• **EXERCISE**: Copy out every line in the entries below that includes "Parakeet".

•••••

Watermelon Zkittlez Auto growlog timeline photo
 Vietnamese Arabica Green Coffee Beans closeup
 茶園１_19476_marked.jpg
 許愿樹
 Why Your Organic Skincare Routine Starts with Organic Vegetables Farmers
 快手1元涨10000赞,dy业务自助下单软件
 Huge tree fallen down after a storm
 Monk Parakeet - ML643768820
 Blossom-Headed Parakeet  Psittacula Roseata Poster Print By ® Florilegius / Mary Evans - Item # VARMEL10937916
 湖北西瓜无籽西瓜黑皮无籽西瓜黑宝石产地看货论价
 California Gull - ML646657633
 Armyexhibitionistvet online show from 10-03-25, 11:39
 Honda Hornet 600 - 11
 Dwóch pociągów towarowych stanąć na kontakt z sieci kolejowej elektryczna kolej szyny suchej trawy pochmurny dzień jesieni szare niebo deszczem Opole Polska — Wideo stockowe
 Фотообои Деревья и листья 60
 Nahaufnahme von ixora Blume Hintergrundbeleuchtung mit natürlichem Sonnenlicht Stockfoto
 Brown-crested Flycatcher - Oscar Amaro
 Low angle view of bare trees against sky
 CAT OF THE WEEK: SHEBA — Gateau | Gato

•••••

• **EXERCISE RESULT**:
 Monk Parakeet - ML643768820
 Blossom-Headed Parakeet  Psittacula Roseata Poster Print By ® Florilegius / Mary Evans - Item # VARMEL10937916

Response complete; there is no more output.